La tormenta de huevos ha encendido los ánimos. Algunas de las mujeres se han encarado con la policía y con un grupo de hombres que les recriminaban cosas: tápate, son unas putas, si yo fuera tu hermano, adónde vas con ese cuerpo, en mis tiempos. Los hombres [cualquier verbo conjugado en tercera persona del plural] cosas. Si algo he aprendido durante estos meses de continuada exposición al universo reivindicativo de las cuestiones feministas es que, sea cual sea la demanda de las participantes, siempre se les puede recriminar que sean mujeres. Esto puede sonar grotesco, pero funciona. Funciona tan bien que frente a una denuncia a priori irreprochable como «Nos queremos vivas» se puede responder, sin preámbulos ni matices, «Algo habrán hecho». No en redes sociales, desde luego, donde el agresor es inmediatamente deshonrado por la masa social que representa el espíritu de lo correcto, pero sí en la calle, protegido entre los muchos rostros de la consternación, como en un campo de fútbol. A este tipo de actos asisten hombres y mujeres de distintas edades, clases e ideologías, y es relativamente fácil gritar un improperio cualquiera, «Deberías estar cocinando», por ejemplo, y encontrar, poco después, una cara amiga que comparta la tesis, una sonrisa cómplice, un guiño. Tú sí que sabes, compañero. Así se habla. A los hombres también se nos da muy bien ser solidarios.

-La pelirroja está muy buena -me dice Gonzo.

La gorra ha sacado las macanas y la gente ha empezado a correr.

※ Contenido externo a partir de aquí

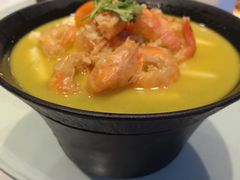 -品大三·南京菜(大行宫店)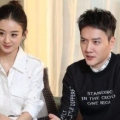 全娱乐圈读心吃瓜的小说,读心吃瓜，揭秘明星背后的秘密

Miro a mis compañeros y confirmo que no nos quedan huevos. Misión cumplida. Hemos desarrollado un poderoso lenguaje gestual con el que podemos informarnos unos a otros de cualquier incidencia durante la batalla, de manera que les propongo salir de la aglomeración y volver al auto, antes de que un despiste al correr o un cachiporrazo bailando al azar entre la multitud nos haga daño. No obstante, mientras me alejo rápidamente de la zona en la que dos policías intentan separar a varias manifestantes de un hombre mayor que alza su puño como un adolescente, observo cómo casi todas las mujeres empiezan a vestirse. No parecen satisfechas, y su expresión denota una tristeza trágica, la pura simplicidad de la derrota. Todas excepto una, aparentemente joven, que permanece desnuda en un rincón, desafiante. Nos mira huir de una forma que reconozco y le hago señas para que se fije en mí. Cuando lo hace, me bajo el trapo que me cubre la cara, le mando un beso y le enseño el dedo corazón.

-¡Puta! -le grito.

Ella ni nadie aún no lo sabe, pero está a punto de dar el paso.